Output the entries that follow character for character. Leave every image out.

*** Extracted entries ***

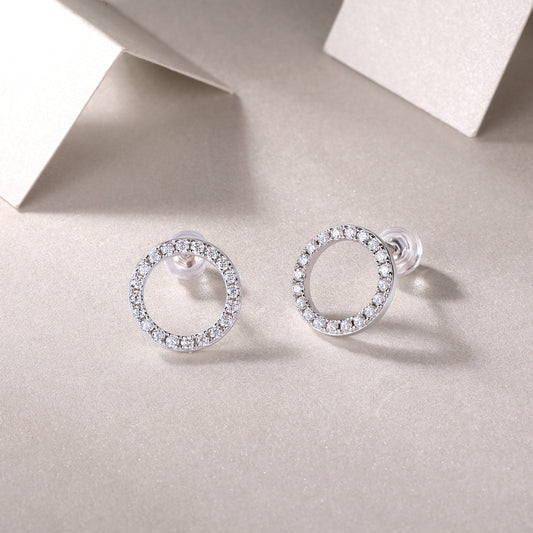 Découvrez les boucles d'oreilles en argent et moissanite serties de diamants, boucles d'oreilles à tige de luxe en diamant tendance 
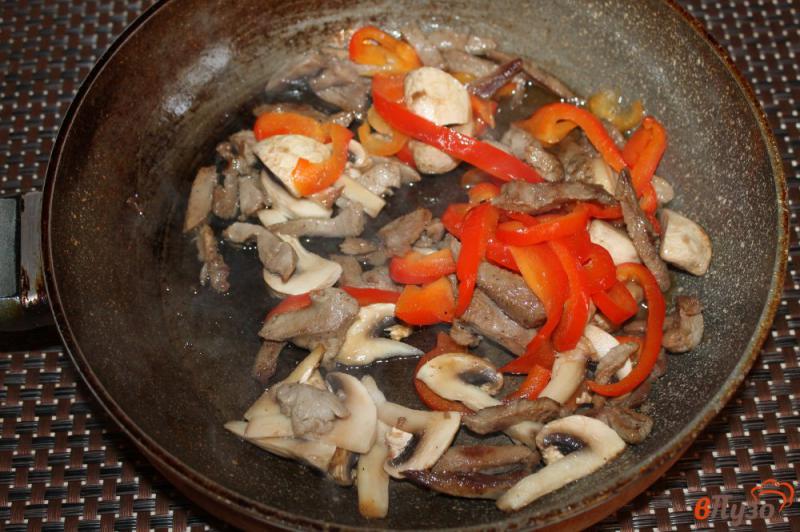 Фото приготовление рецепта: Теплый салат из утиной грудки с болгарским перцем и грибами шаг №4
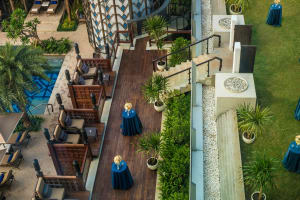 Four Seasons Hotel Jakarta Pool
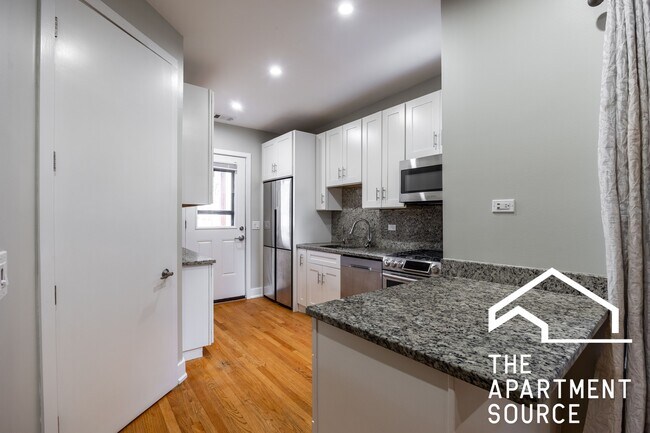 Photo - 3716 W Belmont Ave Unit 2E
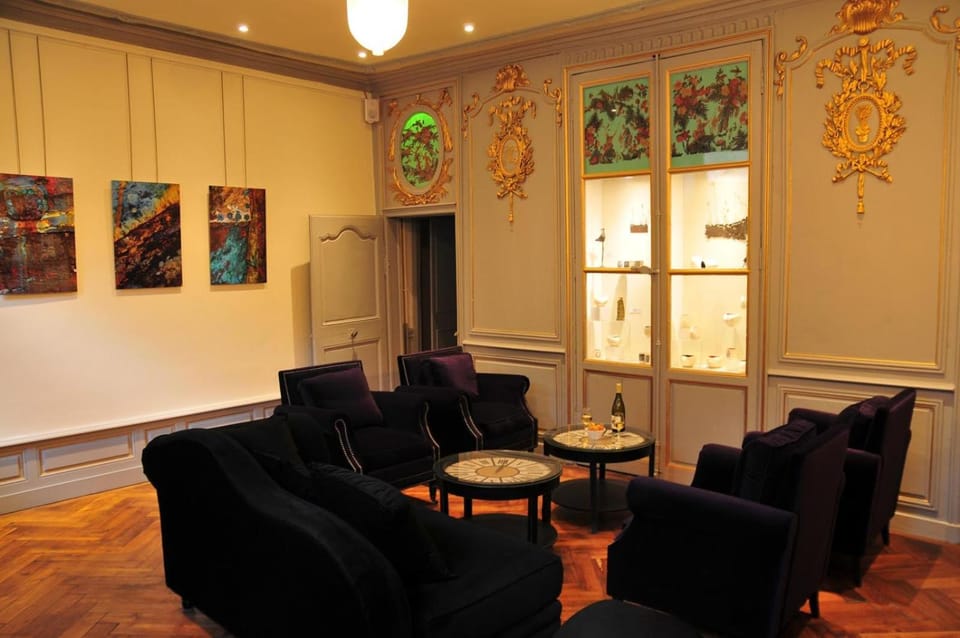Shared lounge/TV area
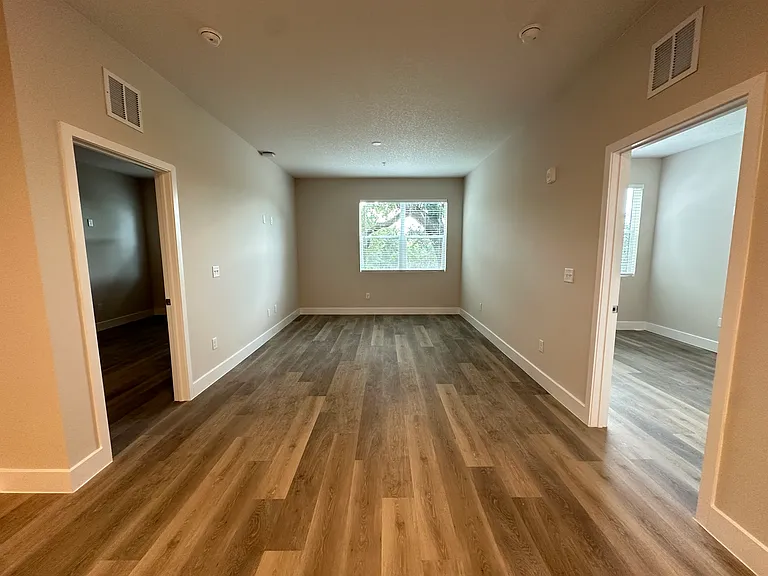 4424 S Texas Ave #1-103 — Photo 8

*** End of Extracted entries ***

Exercise answer:
 Découvrez les boucles d'oreilles en argent et moissanite serties de diamants, boucles d'oreilles à tige de luxe en diamant tendance 
 Фото приготовление рецепта: Теплый салат из утиной грудки с болгарским перцем и грибами шаг №4
 Four Seasons Hotel Jakarta Pool
 Photo - 3716 W Belmont Ave Unit 2E
Shared lounge/TV area
 4424 S Texas Ave #1-103 — Photo 8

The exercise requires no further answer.